On comprend alors que la transparence totale n’est pas encore pour demain. Reste à travailler sur l’équité de traitement des informations et du traitement de chaque candidat. Chez THEIA, c’est un axe majeur et une valeur clé de l’entreprise. Je m’efforce alors d’expliquer à mon co-voyageur d’un jour, les vertus d’un algorithme dès lors que son concepteur a cette vision éthique d’un problème à résoudre. Pas question de laisser passer le moindre biais dans le traitement des évaluations que nous proposons via notre plateforme. Il en va de la crédibilité des établissements avec lesquels nous travaillons, comme de celle des diplômes qu’ils délivrent aux étudiants. C’est une mission difficile mais passionnante que nous développons au quotidien en remettant en cause les acquis, en affinant les procédures et les calculs pour améliorer la précision de nos algorithmes. Comme il m’écoute attentivement, j’ai l’impression qu’il est apaisé par notre engagement.

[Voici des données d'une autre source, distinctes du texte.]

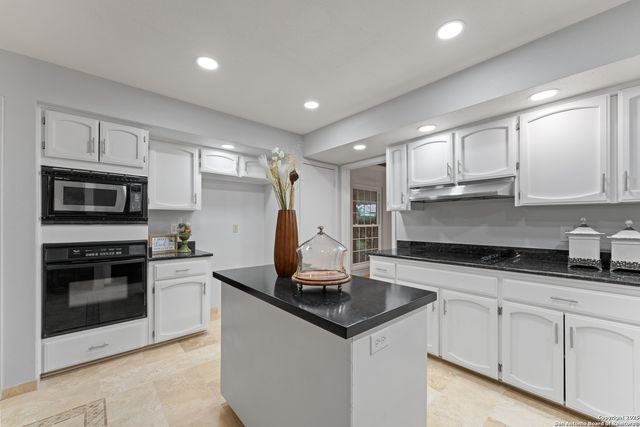 2902 Oak Leigh, San Antonio, TX 78232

Si l’algorithme de Parcours Sup peut et doit progresser, c’est surtout avec l’aide des humains qui lui fourniront des informations indiscutables, qui auront accepté de rendre public les critères de pré-classement de chacune des formations et bien entendu, des politiques qui décideront des moyens et du nombre de places disponibles pour les prochaines générations de bacheliers. On peut espérer que tout le monde fera le maximum pour satisfaire l’attente de chaque étudiant en devenir : trouver sa place dans l’enseignement supérieur et sa voie pour exprimer ses talents dans le monde professionnel.
Pour le reste, il faut tout de même souligner que le nombre d’étudiants qui valident leur accès en deuxième année de licence, a augmenté de plusieurs points de pourcentage depuis la mise en place de Parcours Sup, démontrant ainsi la pertinence augmentée des choix proposés aux néo-bacheliers.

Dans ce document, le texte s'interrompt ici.